In a warp, say threads 0-15 take branch A, and threads 16-31 take branch B. This is called divergence.
They all have to execute the same commands, which means that the complete warp has to process branch A and branch B
If they all take branch A, branch B does not have to be executed
We want to minimise divergence, and will design our algorithms so that threads next to each other in terms of index will execute the same instructions

Prefix Sum

Apply some operator to a list of data and store the cumulative output
e.g.
- List is [1, 2, 1, 3]
- Operator is addition
- Output is [1, 3, 4, 7]

Block prefix sum

Only works within a single block

Hillis Stelle Horn

Work through the list, where thread n adds together:
- Items n and n - 1
- Then items n and n - 2
- Then items n and n - 4
- etc.
FLOPS:
- (N - 1) + (N - 2) + (N - 4) + ...
- For 1024, serial has 1023 FLOPS
- For 1024, HSH has 9217 FLOPS
- BAD!

Blelloch Scan

Two phases, reduction and distribution
Can optimise through copying block into shared memeory, performing operations, and then copying back (this works for HSH too)
Hopefully we don't get examined on this because it was in the assignment... imma skip.
FLOPS:
- Reduction phase: (N/2) + (N/4) + (N/8)...
- Distribution phase: ...(N/8 - 1) + (N/4 - 1) + (N/2 - 1)
- For 1024, Blelloch has 2037 FLOPS

Full prefix sum

Perform block scan on all blocks in the list
Extract the last value of each block into new list
Perform block scan on this list
Add this list back into the original block scanned list

CUDA Programming Tips

Coalesced Global Memory Access

Global memory read/writes in transactions of size 32, 64, or 128 bytes
Each memory transaction takes approx the same amount of time, so writing 8 bytes is equivalent to writing 128 bytes
If consecutive threads access consecutive bytes, then all reads will be done in one memory transaction
If consecutive threads access non-consecutive bytes, then all reads will be done in separate memory transactions, which is a lot slower

Array of Structs (AoS) or Struct of Arrays (SoA)

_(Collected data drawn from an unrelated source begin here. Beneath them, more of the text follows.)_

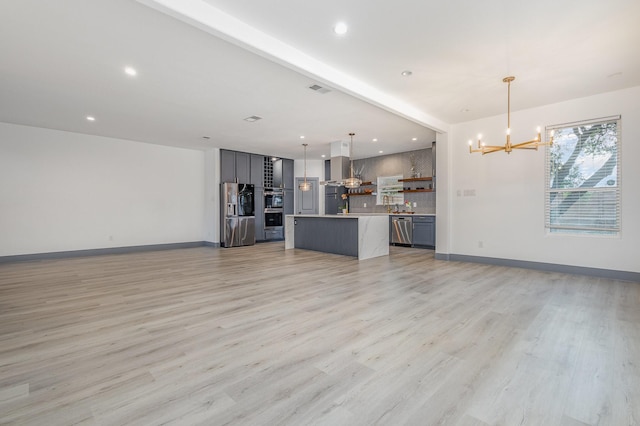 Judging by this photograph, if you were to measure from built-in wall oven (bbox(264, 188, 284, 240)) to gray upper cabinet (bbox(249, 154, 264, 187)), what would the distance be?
0.38 meters

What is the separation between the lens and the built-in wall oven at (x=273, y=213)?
9961 mm

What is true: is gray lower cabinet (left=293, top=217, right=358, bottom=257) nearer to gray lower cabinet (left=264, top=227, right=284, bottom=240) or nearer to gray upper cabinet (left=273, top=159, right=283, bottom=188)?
gray lower cabinet (left=264, top=227, right=284, bottom=240)

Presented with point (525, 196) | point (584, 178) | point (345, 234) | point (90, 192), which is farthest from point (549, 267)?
point (90, 192)

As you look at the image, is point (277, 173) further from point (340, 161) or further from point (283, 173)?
point (340, 161)

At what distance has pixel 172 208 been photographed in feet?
27.8

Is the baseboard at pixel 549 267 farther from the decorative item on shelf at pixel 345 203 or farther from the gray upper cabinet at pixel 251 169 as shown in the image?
the gray upper cabinet at pixel 251 169

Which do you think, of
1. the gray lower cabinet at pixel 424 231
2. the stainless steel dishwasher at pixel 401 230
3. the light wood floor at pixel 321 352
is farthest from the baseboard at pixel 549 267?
the stainless steel dishwasher at pixel 401 230

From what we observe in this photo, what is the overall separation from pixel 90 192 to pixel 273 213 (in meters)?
4.92

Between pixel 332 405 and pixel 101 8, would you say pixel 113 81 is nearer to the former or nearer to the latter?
pixel 101 8

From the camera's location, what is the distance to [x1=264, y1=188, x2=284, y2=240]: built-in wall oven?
9.96 metres

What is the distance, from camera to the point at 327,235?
7.24 m

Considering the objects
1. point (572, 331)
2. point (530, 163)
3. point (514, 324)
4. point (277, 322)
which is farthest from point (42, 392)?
point (530, 163)

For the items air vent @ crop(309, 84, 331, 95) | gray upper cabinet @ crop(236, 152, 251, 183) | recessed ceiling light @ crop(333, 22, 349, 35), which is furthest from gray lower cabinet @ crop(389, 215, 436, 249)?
recessed ceiling light @ crop(333, 22, 349, 35)

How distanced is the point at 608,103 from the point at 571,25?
2648 millimetres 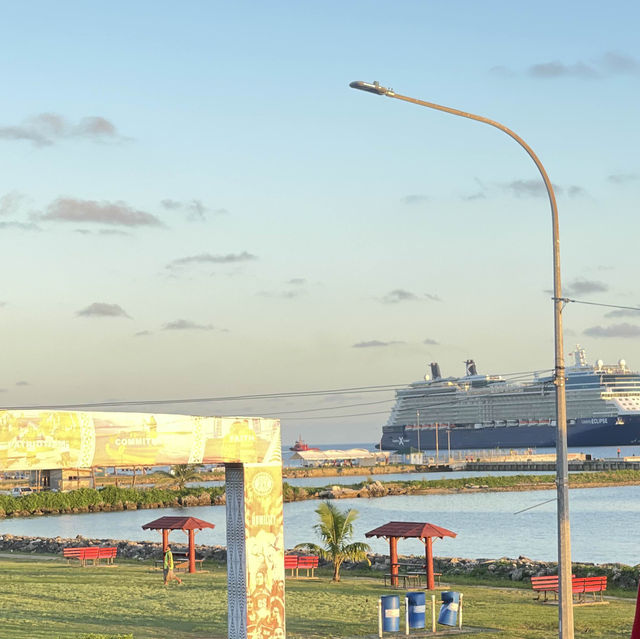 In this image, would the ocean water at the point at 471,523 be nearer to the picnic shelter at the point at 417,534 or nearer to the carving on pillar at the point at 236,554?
the picnic shelter at the point at 417,534

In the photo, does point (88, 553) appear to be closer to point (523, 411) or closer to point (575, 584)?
point (575, 584)

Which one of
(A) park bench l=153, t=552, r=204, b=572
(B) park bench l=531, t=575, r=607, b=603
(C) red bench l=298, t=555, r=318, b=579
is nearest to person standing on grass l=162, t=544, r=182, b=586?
(C) red bench l=298, t=555, r=318, b=579

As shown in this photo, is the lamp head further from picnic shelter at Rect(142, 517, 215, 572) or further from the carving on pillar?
picnic shelter at Rect(142, 517, 215, 572)

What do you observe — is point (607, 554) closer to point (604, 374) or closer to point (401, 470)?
point (401, 470)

In CUDA programming, favour SoA as it helps coalesced memory accesses

Shared Memory Banks

2 orders of magnitude faster than global memory accesses
There are 32 banks (since compute 2.0)
32 consecutive shared memory accesses are spread across the 32 banks
n reads to n different banks can be done in one read operation
n reads to 1 bank has to be done in n read operations - must be done serially
With exception:
- n reads to the same address in the same bank only takes one operation
- TODO: What do these other exceptions mean?

Atomic Operations

Sometimes we need to perform an atomic operation, e.g. array[i] += 1;
- This line contains a read, a modification, and a write
We have some options:
- Use __syncthreads() to make sure all threads can perform the operation uninterupted
- Restructure so that one thread collects all the updates and performs them
- Use an atomic operation: atomicAdd(&(array[i]), 1);
TODO: Is this fast? How does it work? Not mentioned in the slides

Occupancy

Each SM has a maximum number of blocks and warps that it can run concurrently
- Maximum blocks « maximum warps
If you have less warps running than the max number of warps, you fail to reach 100% occupancy
If you have loads of small blocks, then you might not reach the maximum number of warps, but you will reach the maximum number of blocks

GPU Programming Patterns

Map
- One-to-one, each thread responsible for converting one element
Gather
- Read many, write one
- No read/write races still
Scatter
- Read one, write many
- Need to be careful with writes
Stencil
- Special case of gather
- Pattern of reads is constant across threads
Transpose
- AoS → SoA
Reduce
- All values into one single value
Scan/sort
- All-to-all (or at least many-to-all)

Example - Histogram

Each thread calculates value for some element, and increments histogram bin
Need to do atomic add
- This doesn't scale well if you have many elements writing to one histogram bin
Improvement
- Each thread calculates histogram for a subset of the data, no atomic adds here
- Add to final result
- Atomic add final results
Improvement 2
- Instead of adding final results, perform reduce operation
Improvement 3
- Sort the keys, and then reduce by key

Sparse Matrix Multiplication

Prerequisites

Gather
- One-to-one mapping, but which "ones" are included is not uniform
Exclusive scan
- The scan at index i does not contain the value at index i in the original array
Segmented scan
- Only cumulate results across specific ranges

Conditionally Mapping

We want to apply f() to elements that satisfy p()
While all threads execute p(), only few will execute f(), meaning that there will be a lot of divergence
So we can compact all elements that satisfy p() into one array, and then iterate over that - call this compat()
- First, map xs through p()
  - xs = [1, 3, 2, 3, 2, 4], p(x) = iseven(x)
  - bs = [f, f, t, f, t, t]
- Cast booleans from p() into 0/1s
  - is = [0, 0, 1, 0, 1, 1]
- Perform exclusive sum scan
  - scan = [0, 0, 0, 1, 1, 2]
- Perform scatter with original xs with indices scan if bs satisfied for index
  - 2 → 0, 2 → 1, 4 → 2
  - [2, 2, 4]
- Perform some arbitrary f() on the final array
Can use this for clipping 2D triangle into a viewport
- If a triangle is outside the viewport, it maps to 0 triangles
- If a triangle is inside the viewport, it maps to 1 triangle
- If the triangle is partially inside the viewport, it maps to n different triangles
- We can use compat() to allocate indices for these triangles

Sparse Matrix Dense Vector Multiplication (SpMv)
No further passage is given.